By Dan Levine
SAN FRANCISCO (Reuters) - An appeals court on Tuesday revived a lawsuit against United Airlines that was brought by a woman who claimed she was not promptly provided a wheelchair in an airport when she asked for one.
The opinion, from the 9th Circuit Court of Appeals in San Francisco, said federal law did not pre-empt the woman's personal injury claims under state law. In an email, United spokeswoman Jennifer Dohm said the airline "is strongly committed to providing equal treatment and quality service to our disabled customers."
United Airlines is a unit of United Continental Holdings Inc.
Mark Meuser, an attorney for plaintiff Michelle Gilstrap, who has difficulty walking, said some lower court judges had disagreed about whether individuals should be able to bring claims for damages suffered in an airplane or terminal.
"This is a really big deal for disabled Americans across the country," Meuser said.
Gilstrap had difficulty walking due to a collapsed disc in her back and osteoarthritis, according to the court opinion. During two separate plane trips in 2008 and 2009, she alleged that United failed to supply a wheelchair on some occasions.
She also said United agents yelled at her, doubted whether she really needed a wheelchair and ordered her to stand in line, which she could not do because of her condition.
Gilstrap sued, and a Los Angeles federal judge dismissed her case.

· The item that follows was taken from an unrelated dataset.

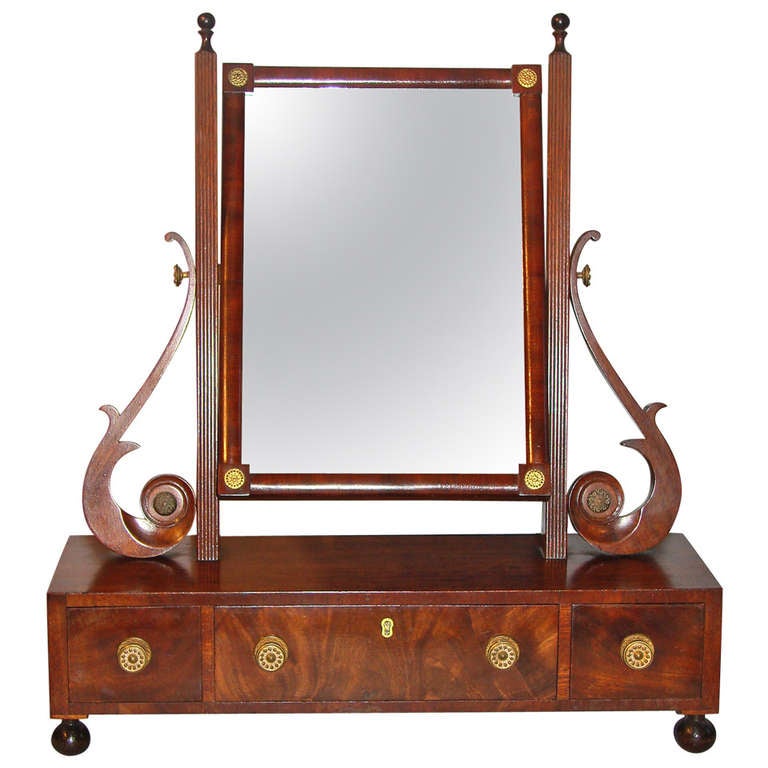 “Rufus Pierce" Boston Mahogany Dressing Mirror For Sale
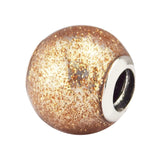 925 Silver Jewelry Rose Golden Glitter Charm Women DIY Jewelry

In Tuesday's three-judge ruling, the 9th Circuit said Gilstrap could not pursue her claims under the Americans for Disabilities Act.
However, the court ruled that Gilstrap's state law claims, including emotional distress and negligence, were not pre-empted by the Air Carrier Access Act. The appeals court remanded the case for further proceedings.
The case in the 9th Circuit is Michelle Gilstrap vs. United Air Lines Inc., 11-55271.